El piso del viento

Crítica de Pablo Suárez - Sublime Obsesión

“¿Qué significa habitar? ¿Cuál es el vínculo entre un espacio y una persona? ¿Cómo se convive? ¿Cuál es la relación entre un espacio y la memoria? ¿Qué es una casa?” señalan Gustavo Fontán y Gloria Peirano acerca de El piso del viento, una película que entrelaza rasgos del ensayo fílmico con los del documental con la voluntad de explorar, entre otras cosas, las relaciones posibles entre una casa y quien vive dentro de ella.

Un grupo de personas es invitado a recorrer un espacio recién construido, un pequeño piso enteramente blanco y extremadamente pulcro, una casa en la que pronto vivirá una pareja. Los invitados ingresan al recinto, lo observan mientras lo recorren, comparten sus impresiones y hacen comentarios varios. Algunos de ellos están más directamente relacionados con el espacio en sí mismo, mientras que otros son más oblicuos y hablan de recuerdos y evocaciones que la casa dispara en sus visitantes. Entonces, ese espacio aún vacío se llena de miradas, palabras y sentimientos. Aunque sea por unos momentos, cobra vida antes de empezar su nueva y, posiblemente, larga vida.

Como en toda la obra de Fontán, aquí también el elaborado diseño de sonido general es esencial para expresar los distintos climas de la casa y sus alrededores, del mismo modo que lo hace la fotografía con su luz suave y envolvente. Eso dentro de la casa, porque hay otro mundo, el del afuera inmediato, que con su aspereza y semi penumbra contrasta con el plácido interior. Es un mundo de tormenta, no solo en su literalidad. En los hallazgos de esa tensión entre lo interno y lo externo también se pueden leer los distintos pliegues y matices que habitar esa casa propone. En esta ambigüedad reside una buena parte del encanto de El piso del viento.

Como en toda la vertiente poética y menos narrativa de la obra de Fontán, La casa del viento también es una película que recurre a lo sensorial y lo torna tangible de un modo admirable. Peirano narra en off poéticos textos de su autoría y es esta otra de las características más pregnantes de este ensayo fílmico documental.

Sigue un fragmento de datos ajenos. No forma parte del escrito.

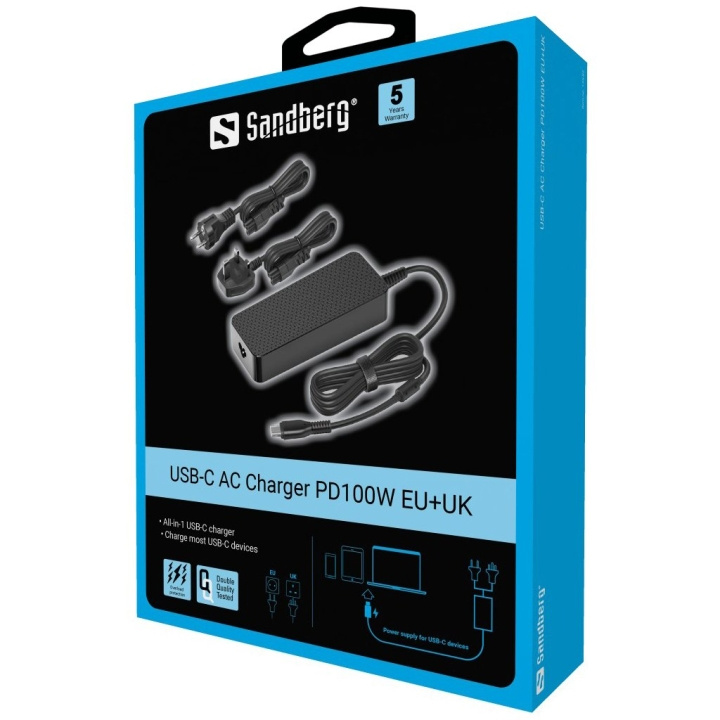 Sandberg USB-C AC Charger PD100W EU+UK in the group COMPUTERS & PERIPHERALS / Computer cables / USB / USB-C at TP E-commerce Nordic AB (C85948)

Por otra parte, los discursos varios de quienes visitan la casa no tienen el mismo impacto. Algunas reflexiones sí nos permiten construir sentidos vinculados a la propuesta de base, nos invitan a pensar y a hacernos nuestras propias preguntas mientras escuchamos las de otros y otras. Son disparadores espontáneos para nuestros monólogos internos que hacen que nos exploremos. No podrían funcionar mejor. Otros discursos, sin embargo, quedan en el nivel de la anécdota personal o se mueven en la superficie, apenas bordeando la esencia. Así, la palabra se aplana, pierde volumen.

El piso del viento tiene un comienzo fuerte con una primera visita, un hombre de una percepción aguda que nos invita a imaginar lo que no se ve, con sus subjetividades y sin solemnidad. Hay algunas otras visitas que también profundizan en las cuestiones del presente y el pasado que este inusual juego entre casa y visitante propone. Aún así, el eventual zigzaguear de la progresión dramática hace que la película pierda impulso y fuerza de tanto en tanto.

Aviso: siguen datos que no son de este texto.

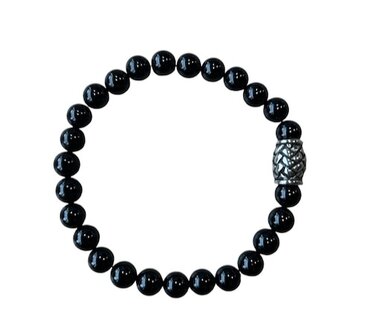 Herenarmband Onyx met vlecht kraal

Sin la expectativa de encontrar un todo que funciona con impecable precisión – como lo es buena parte de la obra de Fontán – vale la pena ver El piso del viento por sus logros puntuales y sus momentos más poéticos, que no son pocos. Aún siendo una obra irregular, está absolutamente comprometida con su premisa. Es que Fontán siempre es fiel a su visión y a su percepción, más allá de los resultados.